What you are asked to do:
For this listing, reproduce the line with "Used 2026 Cadillac XT5 Luxury FWD image 13", the line with "Fotografie Audi Q6", and the lines between, exactly as they stand. Leave out pictures and all other lines.

Provided entries:
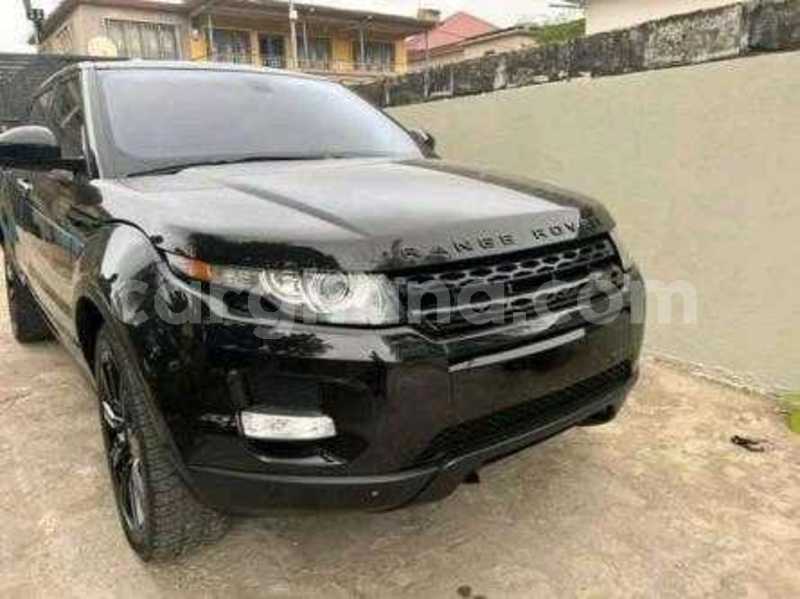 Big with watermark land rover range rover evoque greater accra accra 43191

---

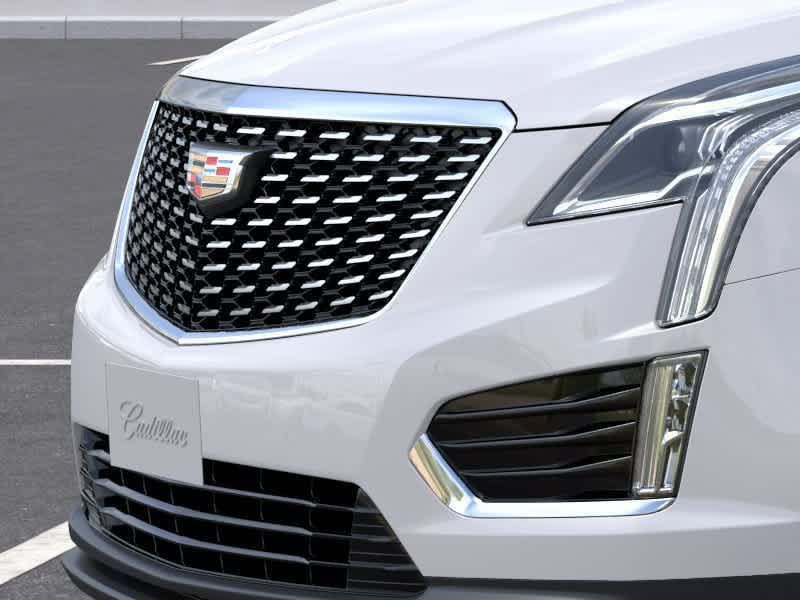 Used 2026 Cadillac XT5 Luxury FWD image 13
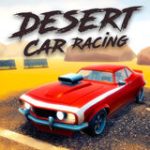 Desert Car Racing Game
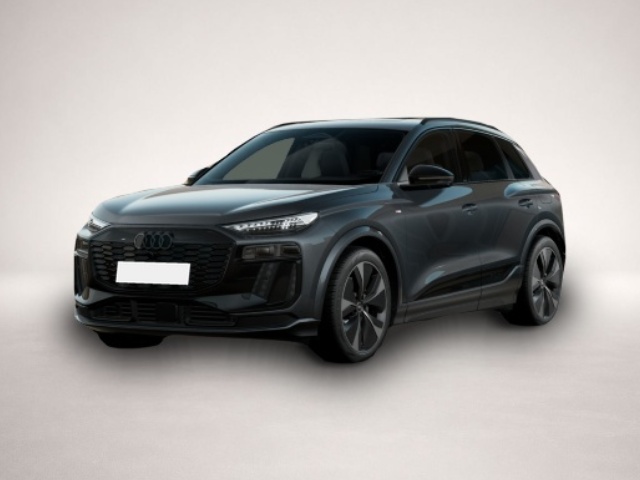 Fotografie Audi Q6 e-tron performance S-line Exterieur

...

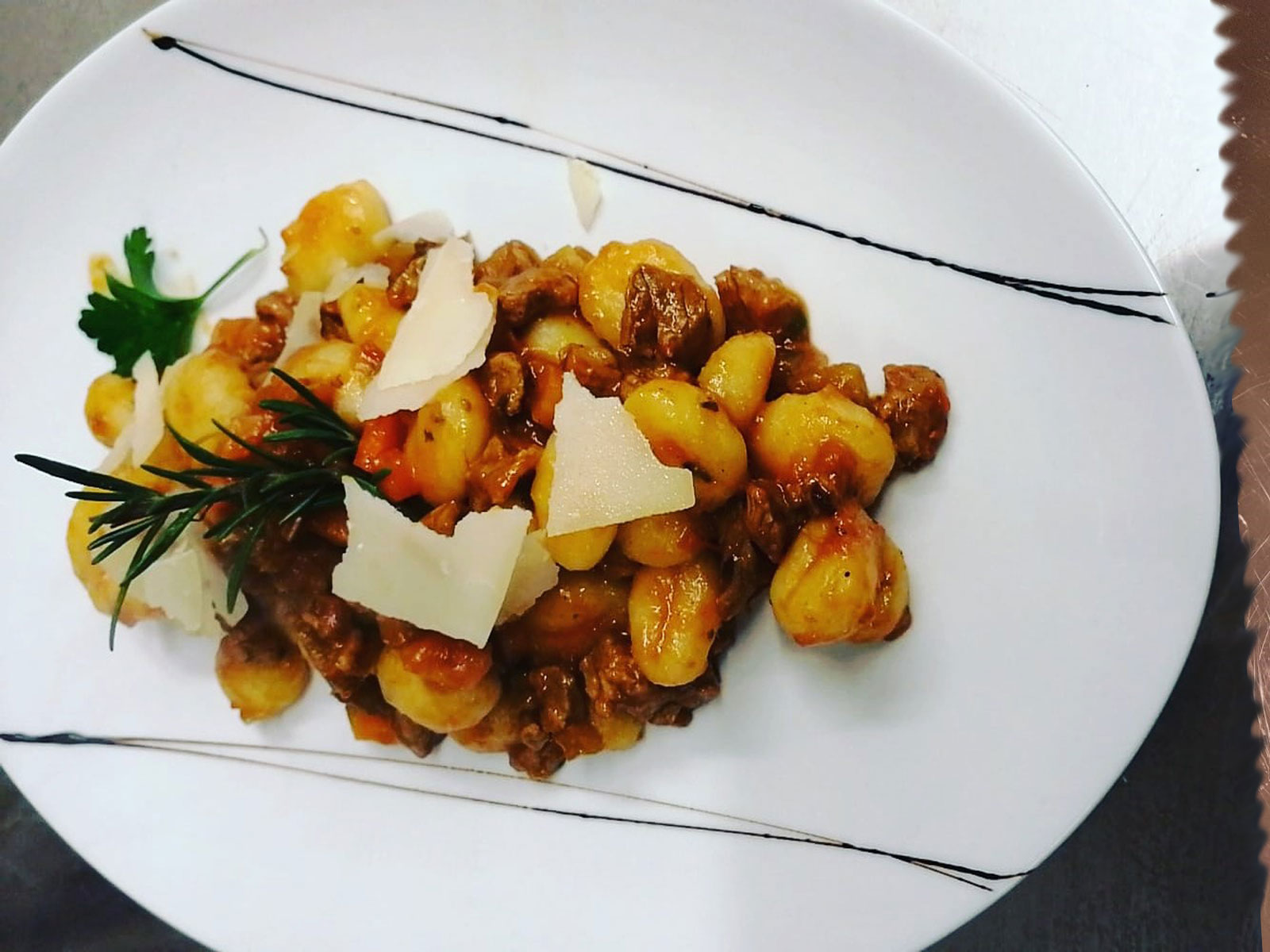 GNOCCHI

Answer to the exercise:
 Used 2026 Cadillac XT5 Luxury FWD image 13
 Desert Car Racing Game
 Fotografie Audi Q6 e-tron performance S-line Exterieur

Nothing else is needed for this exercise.